The UN General Assembly declared November 6 of each year the International Day for Preventing the Exploitation of the Environment in War and Armed Conflict.

Several of Tanenbaum’s 28 Peacemakers in Action work, or have worked, within their countries’ conflict zones to protect the environment.

To honor Nov. 6, we share reflections from Tanenbaum Peacemaker in Action José “Chencho” Alas of El Salvador.
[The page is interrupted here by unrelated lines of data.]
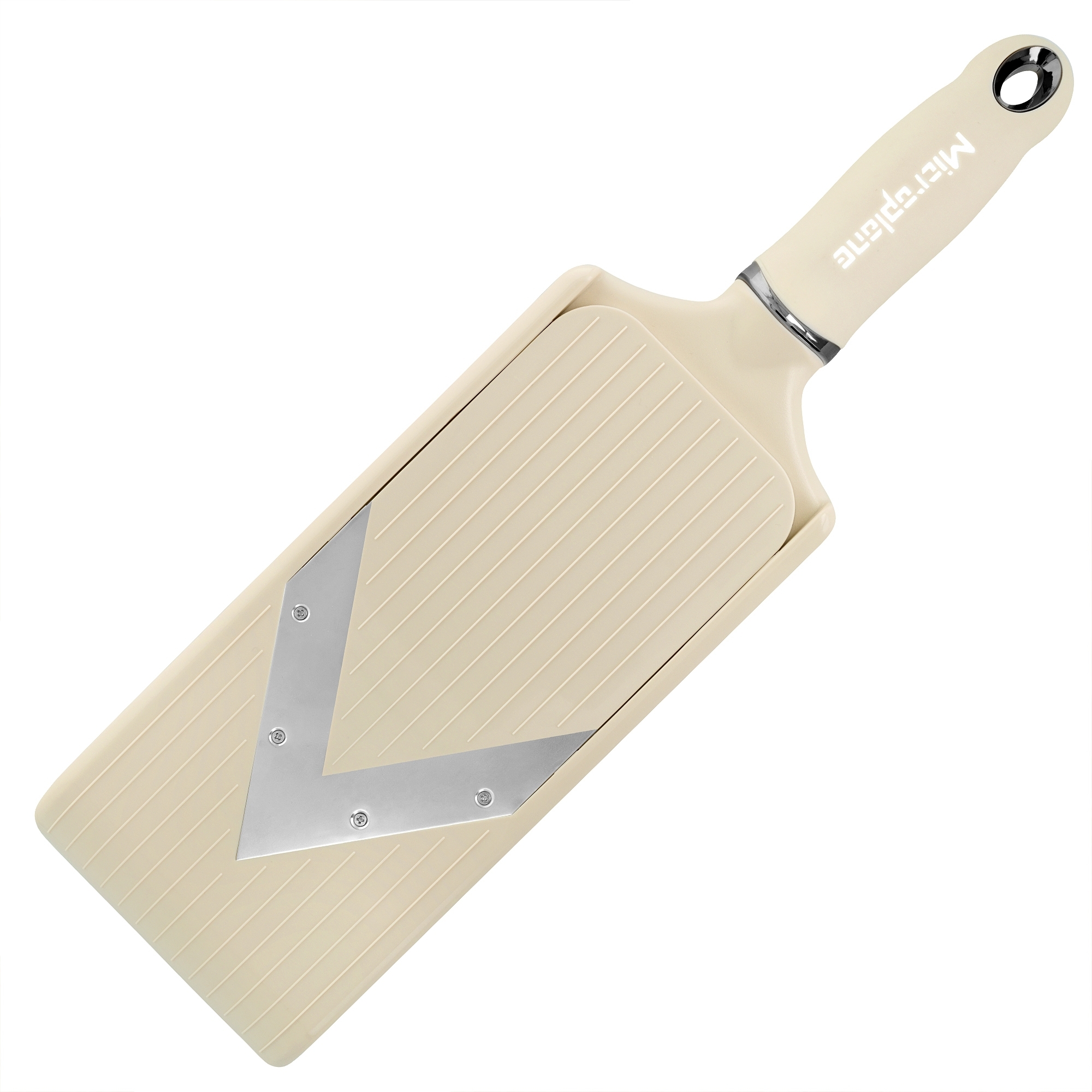Microplane - Adjustable Slicer with V-Blade PureCut | Cashmere Beige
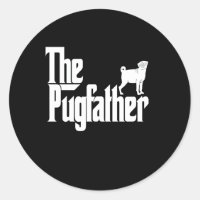 The Pugfather Cute Dog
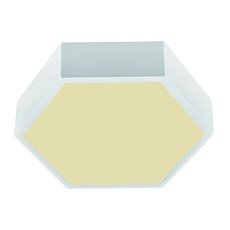 Светильник с арматурой белого цвета, пластиковыми плафонами BLS 44255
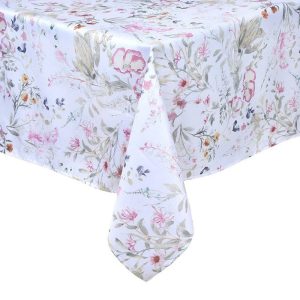 Mantel Acuarela 150x210 cm Rectangular / Flower - Mashini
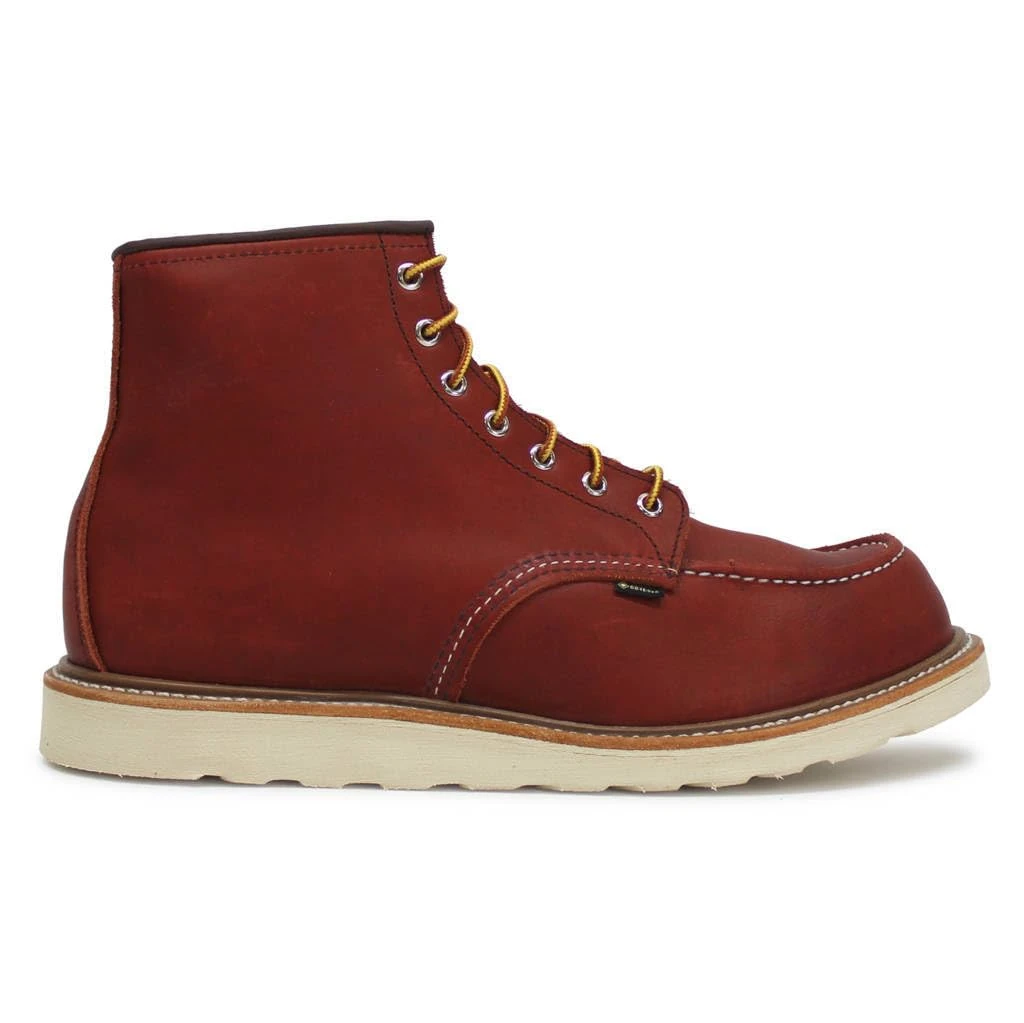 Red Wing Mens 6 Inch Moc Leather Oro Boots - 9.5 UK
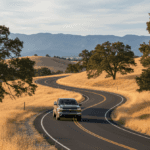 Chevrolet test drive route CA-193 Auburn to Lincoln California scenic highway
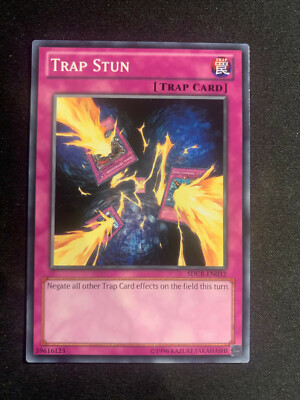 Trap Stun - SDCR-EN032 - Cyber Dragon Revolution N/M-image
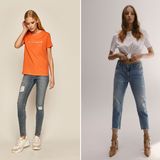 Modne jeansy damskie 2021 - jaki model wybrać? Podpowiadamy!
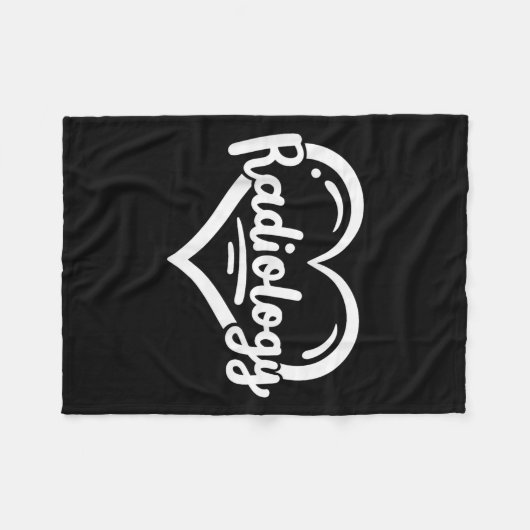 Radiology Tech Technician X-ray Tech X-ray Technol Fleecedecke (Vorderseite (Horizontal))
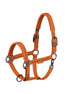 Eskadron Halster Faux Leather Jewel Double Pin Platinum 26/27 Nylon halsters - Maddelin Equestrian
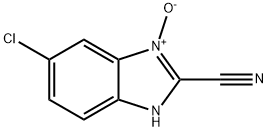 1H-Benzimidazole-2-carbonitrile,5-chloro-,3-oxide(9CI) Structure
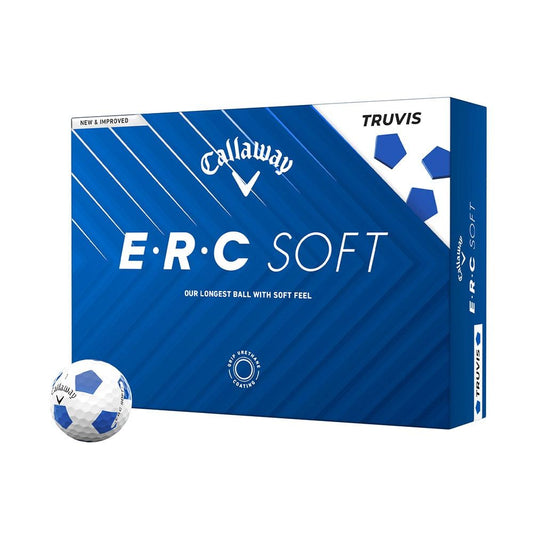 Callaway ERC Soft Truvis Golf Balls - Blue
He describes his faith-filled relationship to the environment and how he joined interfaith forces to restore El Salvador’s environment in the wake of the destructive civil war.:

MOTHER EARTH, OUR COMMON HOME 

A powerful verse from Gen. 2:15 has always impressed me and inspired my work:

Yahweh God took the man and settled him in the garden of Eden to cultivate and take care of it”.

This is the first commandment that we received, to take care of the environment in order to harvest the fruits of Mother Earth.

On May 24, 2015, Pope Francis promulgated his most important encyclical titled Laudato Si dedicated to the environment, just days before the UN Climate Change Conference in Paris.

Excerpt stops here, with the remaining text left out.